Hereditary Breast and Ovarian Cancers Meeting 2011, New York, USA
History and highlights of HBOC; understanding the genome and raising awareness
Professor Franco Muggia – New York University Medical Center, USA
The title of the conference is Hereditary Breast and Ovarian Cancer – Lessening the Burden and it is truly multidisciplinary and also international. It’s a collaboration, actually it’s an outgrowth of conferences that we held here with our partners in southern California; we were doing studies in hereditary breast and ovarian cancer, in the earlier part of this decade we had four conferences on that sponsored by a foundation and similarly in Bari, Italy, in the Puglia region, Dr Paradiso held an international conference, mainly European conference. And he attended one of our conferences and we decided to join forces so this is the second joint conference, the first one was held in Bari in 2009, it was extremely effective in bringing together both European and American collaborators in this area. And it’s truly multidisciplinary, it has basic genetics, basic molecular biology, it has epidemiology, it has clinicians interested in therapeutics and it has people interested in the psychosocial implications of genetic testing and interventions, both in screening and prevention. So this is an outgrowth of conferences that we held in screening and prevention; initially we called them screening and prevention and now it’s gotten very heavily into the genetics.
The highlights are that, no surprise, we’re learning a lot about the genetic makeup of people with both breast and ovarian cancer and especially the linkage to hereditary components. So the hereditary breast cancers and hereditary ovarian cancers have been the beginning in the unravelling of a lot of molecular biology that may be applicable for all of the cancers for the ones we call sporadic. And so the molecular biology is increasing in leaps and bounds. For example, today we heard from Douglas Levine from the Institution uptown who has been part of the Genome Atlas programme and they’ve looked at genome arrays of the specimens from ovarian cancers prior to treatment, they have an analysis of about 400; they started off with 500+ and ended up with 488 samples. All the gene array information and gene amplifications, gene deletions, everything is available to investigators now online, very quickly demonstrated how that was. So we’re learning a lot about the genetics of these cancers.
So that’s one aspect, the other highlight, of course, relates to our ability to understand, first of all, why these cancers are susceptible to DNA damaging agents. We’ve known since 1979, when I was at the National Cancer Institute, cisplatin got approved for the treatment of testicular cancer and ovarian cancer. So ovarian cancer was the major target of this drug called cisplatin which represents the platinum compounds which are extremely effective in wiping out most of the disease when it’s diagnosed. I think we know now why that is: it’s because a lot of the ovarian cancers, the majority, are homologous recombination deficient. Now that’s the word that’s being used now – homologous recombination deficient – that represents the target for PARP inhibitors. Why? We just got Hilary Calvert just to explain to us why that is. It’s the concept of synthetic lethality, if you block the other repair pathway the cells are extremely sensitive to that blockade of the other. So the molecular biology is driving a lot of these things, the implications to therapeutics but now, tomorrow, we’re going to devote ourselves a bit to discuss the future, including prevention.

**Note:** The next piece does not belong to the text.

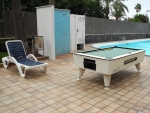Umkleide und Dusche am Pool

What can be done to raise awareness of hereditary issues?
I think that is happening throughout, people understand, especially people that are diagnosed with ovarian cancer. Unfortunately most of them are diagnosed at late stages. Ovarian cancers, like breast cancers, come with different makeups but two-thirds of the ovarian cancers are what we call high-grade serous, they have certain molecular signatures which are indicative of that particular makeup. We’re starting to understand where they start, well a lot of them don’t start in the ovary, that’s why it’s been very hard to find them early, they start in the fimbriae of the fallopian tubes and this whole morning we have had a bit of discussion about how people are investigating the developments of how premalignant lesions develop in the fimbriae. Investigators at the Dana Faber are looking into that quite in depth, what the events are that lead to that. There is a heightened awareness of the fact that, in ovarian cancer, first of all there is a low curability rate in these high-grade serous but they know that now if you… The patients themselves and, of course, the physicians know that there is a relationship between the BRCA function or dysfunction, lack of function and platinum sensitivity. So they know right from the beginning that it’s probably better to do the testing. So the patients are exposed to the concept of genetic testing and they know that there are a number of therapeutic options that arise from that. So there is a heightened awareness of it throughout. Of course you want to get to the prevention stage, that becomes a bit more difficult. You probably need to run these trials as very expensive so the concepts are there, I don’t think the money is there right now to do the trials.